Bee Advocates Help Bring Pro-Pollinator Policy to Minnesota
June 23, 2014 | Trish Popovitch
“So bees are dying. It’s hard to be a beekeeper. It’s hard to be a bee. But it’s also really wonderful work.”—Erin Rupp, Beez Kneez, LLC.
Beez Kneez, LLC of Minneapolis was founded in 2010 by Kristy Allen to provide a city outlet for her aunt and uncle’s locally produced honey. In 2011, co-owner and educator Erin Rupp joined the fun and this bee friendly team of two not only provide honey processing space for local beekeepers, bike raw honey to their customers and educate folks on all things bee related. They’ve also managed to make some pro-pollinator policy changes at the legislative level.
In addition to distributing locally extracted honey to restaurants, grocery stores and individual customers in Minneapolis and St. Paul, the company provides pollinator education, consultation on hive set up as well as classes in beekeeping.
Extracting honey from the frames is a messy business requiring specialist equipment. With 400-plus members in the Minneapolis Bee Keepers Association, the need for extraction facilities became a real necessity for the Twin Cities’ hive based habit. Already profitable, Beez Kneez wanted to expand their operation by creating a place for locals to extract their honey.
The Honey House opened in August of 2013 after a successful Kickstarter campaign allowed Rupp and Allen to offer local beekeepers a place to extract their honey for a minimal fee. The extractor at the Honey House is pedal-powered, a valuable educational tool in sustainability with a practical end purpose. Workshops and classes are held at the Honey House as well as in various locations around the city.
Rupp takes her bees and pollinator curriculum to schools and nonprofits to educate locals on the importance of bees, and helps organizations set up their own hives.
“Bees are such a valuable teaching tool. They are so intrinsically interesting,” says Rupp, a former museum educator and science teacher. “All of us know something about bees: that they sting and are a little bit scary. That’s a point of connection for everybody to all these bigger issues.”
Bigger issues hit home just after the successful opening of the Honey House at one of their hive locations.
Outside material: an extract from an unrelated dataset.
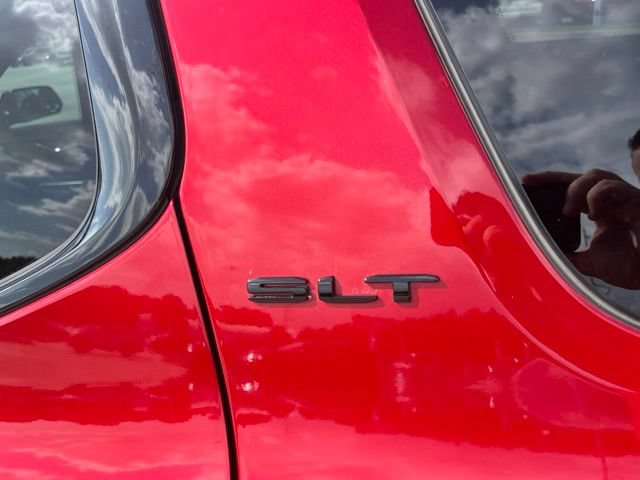 Used 2023 GMC Acadia SLT w/ Elevation Edition FWD image 4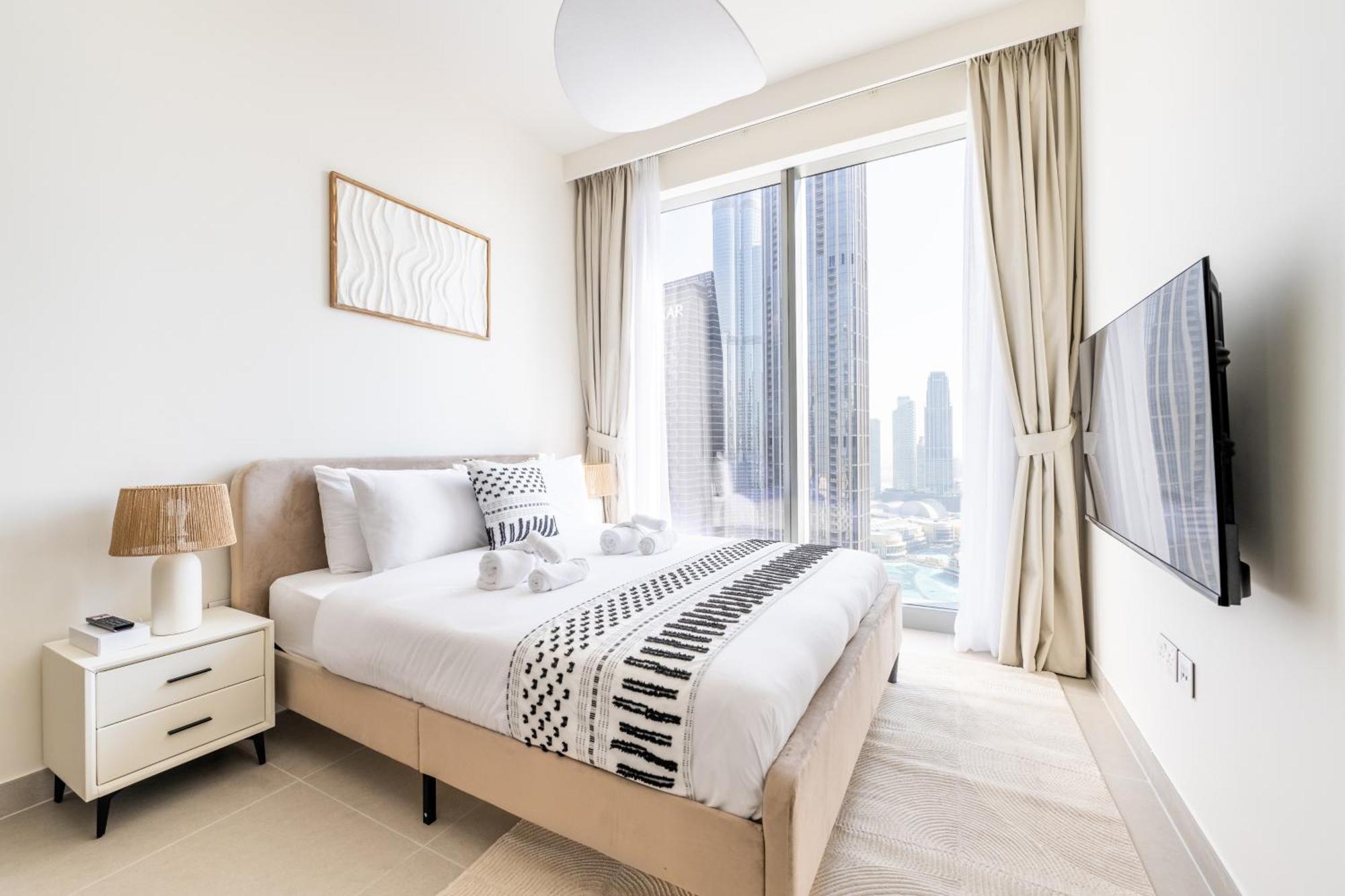Luxury 3br And Maid Tower 1 With Fountain View Apartment Dubai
“It was an acute pesticide kill. We lost all the foraging bees in our hive in 44 hours,” recalls Rupp. “Two local beekeepers in the neighborhood experienced the same thing. After that we launched the ‘Healthy Bees, Healthy Lives’ campaign.”
The campaign was a grassroots effort instigated by the Beez Kneez and carried to fruition by local stakeholders, concerned citizens, the community of beekeepers and several local politicians. After campaigning, collecting signatures, testifying in front of the legislature and letting anyone who would listen know about Minnesota laws that allowed bee killing chemicals into nursery plants, Krupp, Allen and their pollinator advocates managed to get two laws passed.
The first is a beekeeper compensation law that allows beekeepers to petition the Minnesota Department of Agriculture for monetary compensation if they lose bees due to pesticide application. The second is a truth-in-advertising law that disallows plant nurseries from labeling plants ‘bee friendly’ if they have been treated with “pollinator lethal insecticides,” a typical practice in the state. Both laws go into effect onJuly 1 of this year. As Rupp explained, Democratic representatives championed the bill but after some pre session education the vote was passed on both sides of the aisles. Rupp explains that there is still much work to be done in terms of bee advocacy.
“Beekeepers make most of their money through pollination, moving bees around the country. Its hidden work and it isn’t government-supported. And it’s totally critical to our food and vegetable production. These guys are aging. Most of them are third or fourth generation beekeepers. We want to see people continue to be beekeepers,” says Rupp.
Beez Kneez, LLC. intends to keep adding hives to the downtown area as well as growing attendance for their classes. There is still more demand for their honey than they can currently produce but with some additional help from beekeeping experts this summer Rupp hopes to keep growing bees, honey and interest in pollinators.
“In thinking about how to connect people with their food, how it’s grown and how we need to change the food system; yeah, bees tell that story really well,” says Rupp.